Aufgeklärt wurde...Auch mehrmals, aber es sind halt Kinder.



serafen schrieb:


> Ansonsten wäre eine sehr gute - wenngleich kostenpflichtige - Alternative die *Kindersicherung 2011* von Salfeld.
> 
> MfG.



Die sieht schon mal nicht schlecht aus. Und irgendwie dämmert's mir schon das ich nicht ohne Kosten davon komme...

Die von G-Data ist anscheinend in deren Internet Security integriert, aber 30 Tage testen ist schon mal Top!
Ich glaub das probier ich mal auf meinem Testrechner aus... Daran stört mich eigentlich nur das ich jedes Jahr
die Lizenz verlängern muss... Aber ich krieg ja auch mehr als nur den Kinderschutz...
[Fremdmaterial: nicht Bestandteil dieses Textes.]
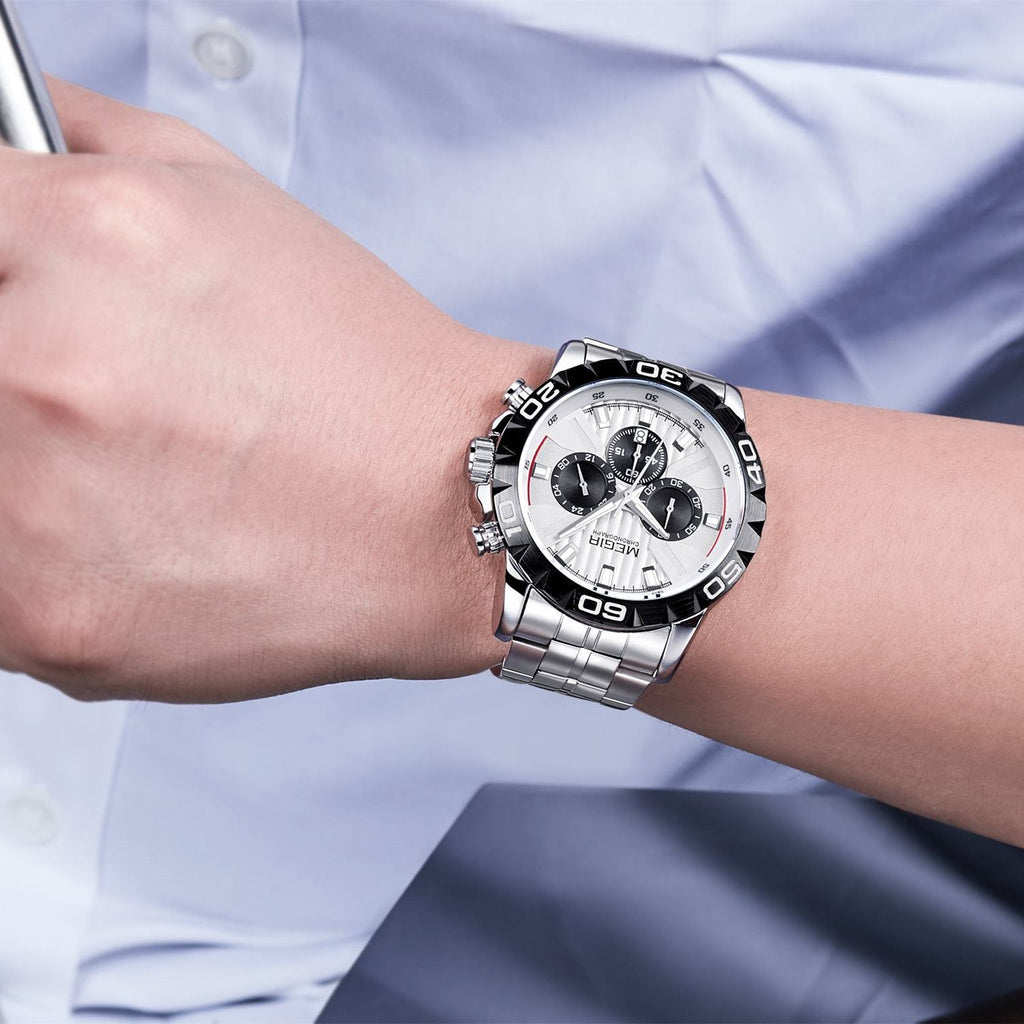 MEGIR Watches Business Mens Watches Top Brand Luxury Quartz Casual Wristwatch Date Clock Waterproof Wrist Watch Chronograph 2087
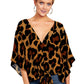New V Neck Blouse Women Leopard Print Shirts Floral Tie Front Blouses Batwing Summer Oversize Ladies Tops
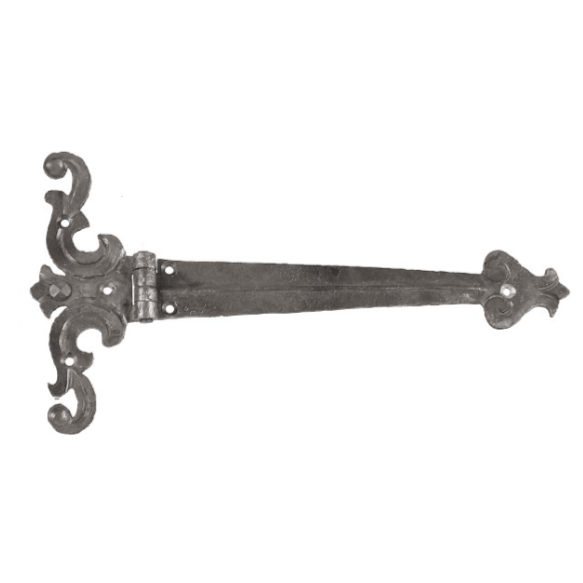 Decorative Strap Hinge for Gates - Forged Steel - 16-9/16" Inch x  8-7/16" Inch - Sold Individually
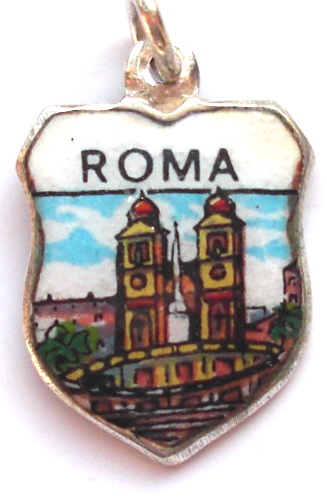 Rome Italy - Roma Trinità dei Monti - Vintage Silver Enamel Travel Shield Charm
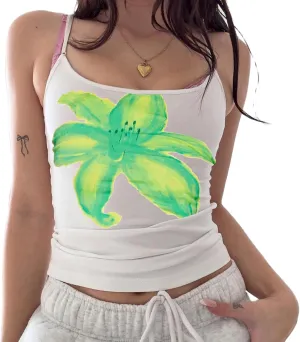 Women Y2k Floral Print Cami Tank Top Scoop Neck Spaghetti Strap Camisole Slim Fit Crop Vintage Going Out Streetwear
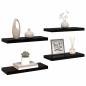 Preview: Schweberegale 4 Stk. Hochglanz-Schwarz 60x23,5x3,8 cm MDF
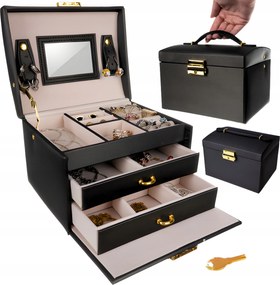 Ékszerdoboz Kulcsos Táska Tükör Fiókok Fekete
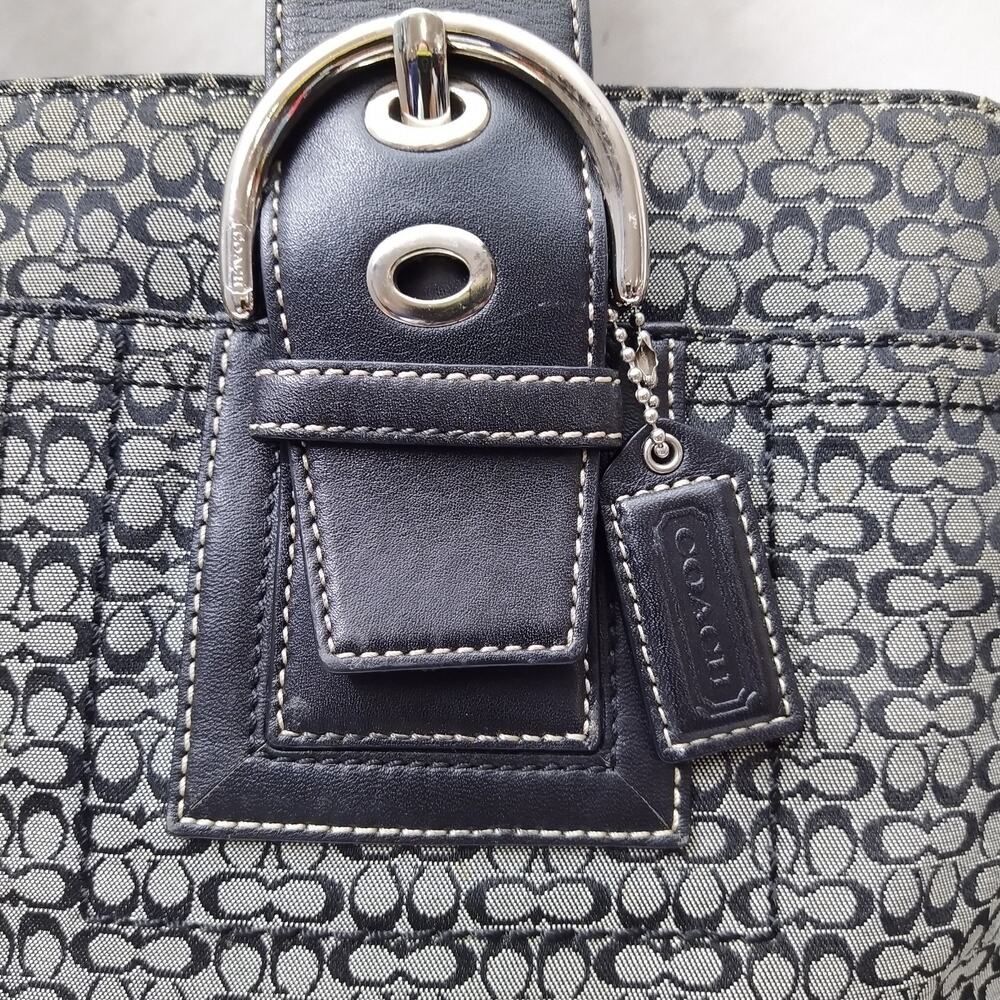 Coach Signature Black Canvas Leather Trim Double Handles Tote Bag - Picture 6 of 16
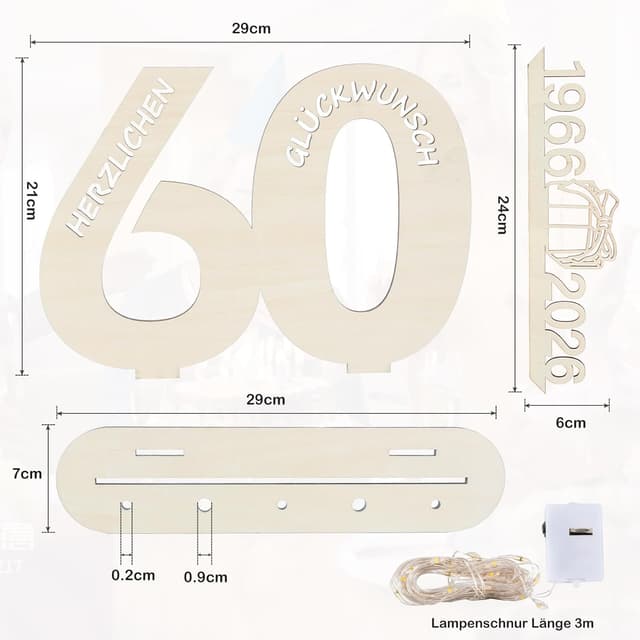 Detalle 2 de Seutgjie Deko 60 Geburtstag Geldgeschenke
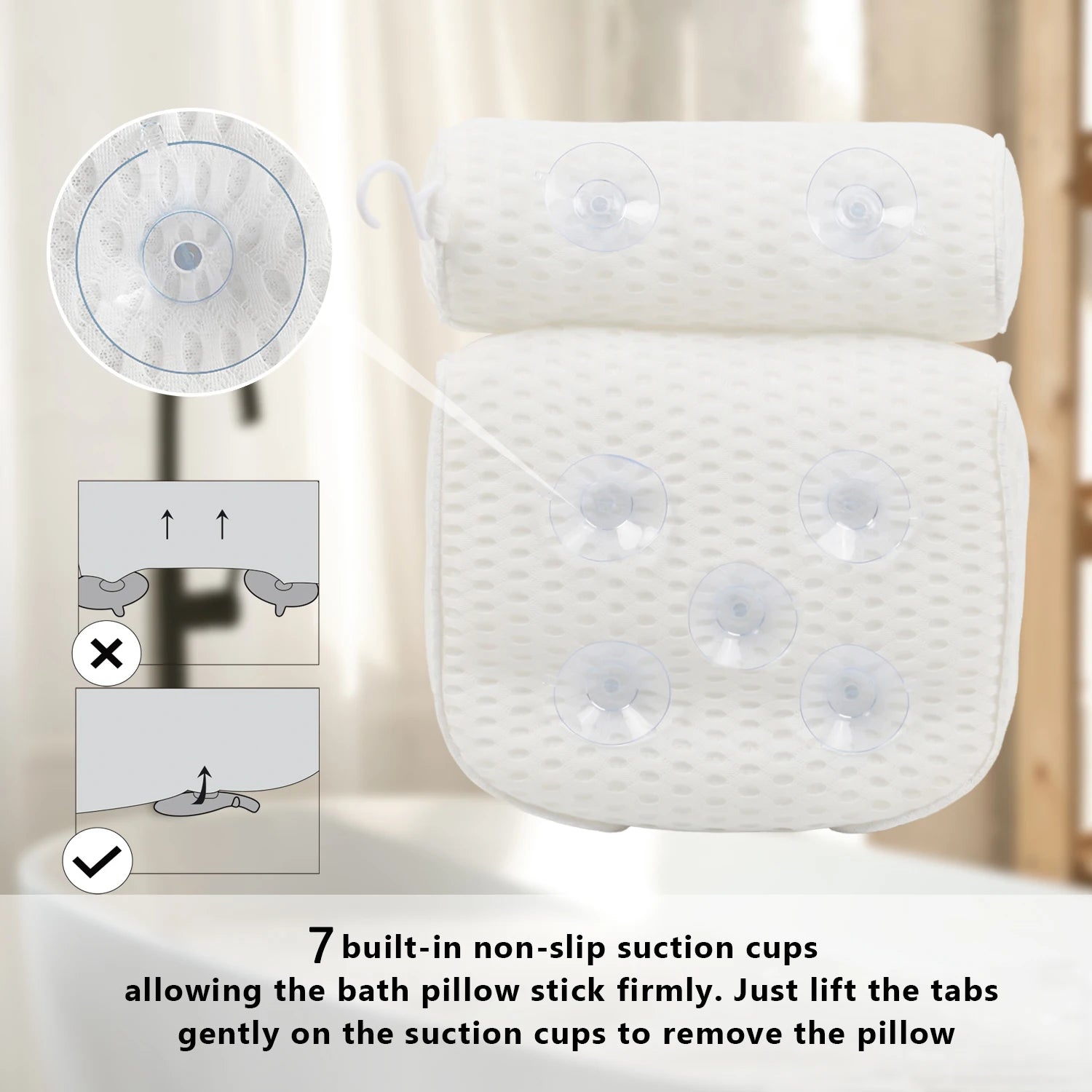 Back view of white bath pillow showing seven built-in suction cups and removal tabs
Gibt es weitere Alternativen?


----------



## Klutten (27. März 2011)

*AW: Empfehlungen für Kinderschutzsoftware gesucht*

Bitdefender bietet ebenfalls eine sehr umfangreiche Möglichkeit Mechanismen zur Kindersicherung zu nutzen. Es gibt auch eine Online-Kindersicherung, bei der jederzeit die angesurften Webseiten protokolliert werden. Damit kann man gegebenenfalls komplette Windows-Benutzer kontrollieren. Kostenlos ist diese Internet-Security-Suite natürlich nicht.


----------



## serafen (27. März 2011)

*AW: Empfehlungen für Kinderschutzsoftware gesucht*

Eine Freeware-Lösung wäre noch *Parents Friend* - die KISI von Salfeld ist jedoch moderner und übersichtlicher gestaltet sowie bei 64-bit-Systemen vorzuziehen.

MfG.


----------



## Operator (27. März 2011)

*AW: Empfehlungen für Kinderschutzsoftware gesucht*

Darf ich dir nen Tipp geben als ehmaliges Kind gib deinen Kinder keine Kindersicherung....
Wenn du deinen Kinder noch nicht zutraust das sie noch nicht mit dem Internet umgehen können gibts halt keins...
Red mit ihnen darüber.
Oder geht es dir um den zeitlichen aspekt? Das kann ich verstehen..
Darf man fragen wie alt dein(e) Kind(er) ist.
Jede kindersicherung kann geknackt umgangen werden.


----------



## serafen (27. März 2011)

*AW: Empfehlungen für Kinderschutzsoftware gesucht*

*@Operator*
Würde ich grundsätzlich genauso sehen, siehe oben - zumal jede Software (die nicht unbedingt erforderlich ist) das System nur unnötig ausbremst.


----------



## Westfale_09 (28. März 2011)

*AW: Empfehlungen für Kinderschutzsoftware gesucht*



inzpekta schrieb:


> Erst mal herzlichen Dank für die Vorschläge...
> 
> Mit dem Windows Schutz hab ich mich noch gar nicht so beschäftigt...
> Aber man muß sich dafür wohl bei dem Verein anmelden und das möchte ich erst mal nicht.
> ...




Bei G Data kriegst momentan für 25 € eine Version für 2 Jahre  Das ist sau billig. Also ein Jahr ist geschenkt. Und du hast 3 Lizenzen


----------



## inzpekta (28. März 2011)

*AW: Empfehlungen für Kinderschutzsoftware gesucht*



serafen schrieb:


> *@Operator*
> Würde ich grundsätzlich genauso sehen, siehe oben - zumal jede Software (die nicht unbedingt erforderlich ist) das System nur unnötig ausbremst.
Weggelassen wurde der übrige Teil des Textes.